As Forbes noted, these are just the civil penalties; there are potential criminal consequences, as well.

But the IRS was dealt a blow on Nov. 9 when the Tax Court called IRS Notice 2017-10 “invalid.” Forbes reported on Nov. 10:

In Green Valley, the taxpayer argued that the IRS failed to follow the Administrative Procedure Act (APA)’s requirements when it published Notice 2017-10, because it failed to follow formal rulemaking procedures the APA required. In particular, the IRS did not issue a notice of formal rulemaking, ask the public to submit comments, and then publish final guidance that addresses the comments from the public.

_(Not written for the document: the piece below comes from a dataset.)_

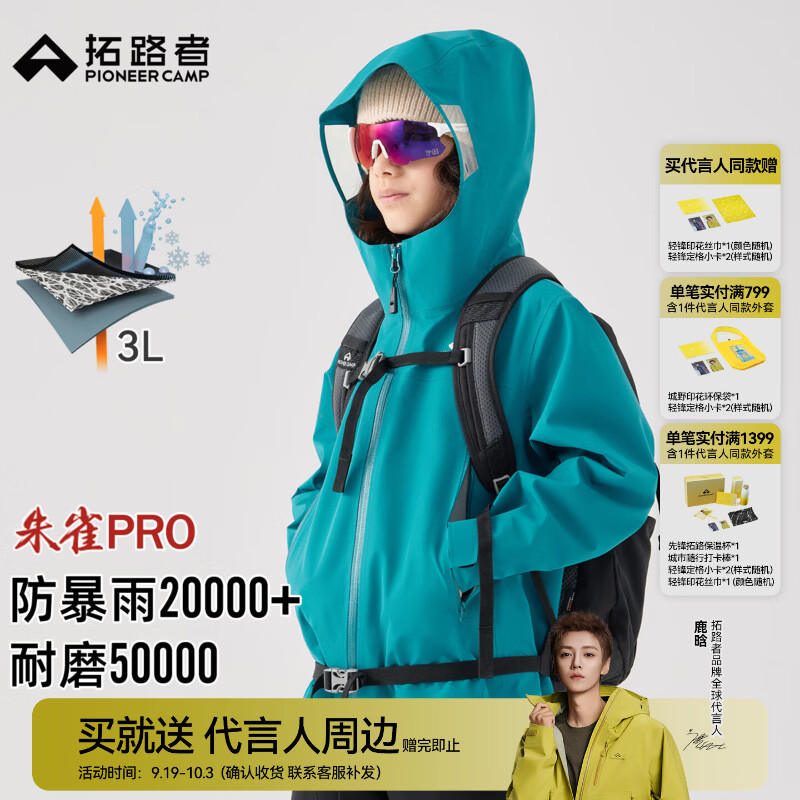 拓路者朱雀pro儿童冲锋衣3L硬壳防水耐磨男女童单冲运动户外徒步登山服 松石蓝 150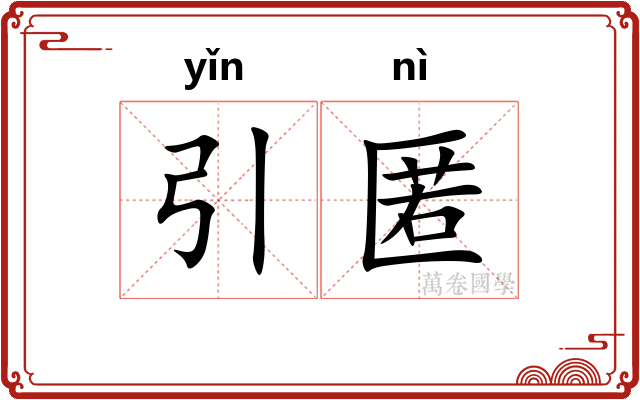 引匿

IRS argued that it was not required to go through formal notice and comment, but the Tax Court disagreed.

Relying heavily on recent Supreme Court of the United States case CIC Services, LLC v. Internal Revenue Service and Sixth Circuit Case Mann Construction, Inc. v. United States, 27 F. 4th 1138 (2022), the Tax Court held that “the act of identifying a listed transaction by the IRS, by its very nature, is the creation of a substantive (i.e., legislative) rule and not merely an interpretative rule.” Accordingly, Notice and Comment rulemaking was required and the IRS’s failure to follow that procedure renders the notice invalid.

The IRS said on Dec. 6 that it disagrees with the Tax Court decision and continues to defend Notice 2017-10; however, the proposed regulations issued on Tuesday will “eliminate any confusion regarding the need to report these transactions and to ensure that this decision does not disrupt the IRS’s ongoing efforts to combat abusive tax shelters throughout the nation.”

The IRS said it hopes to finalize the proposed regulations, after considering public comments, in 2023 and intends to issue proposed regulations identifying additional listed transactions in the near future.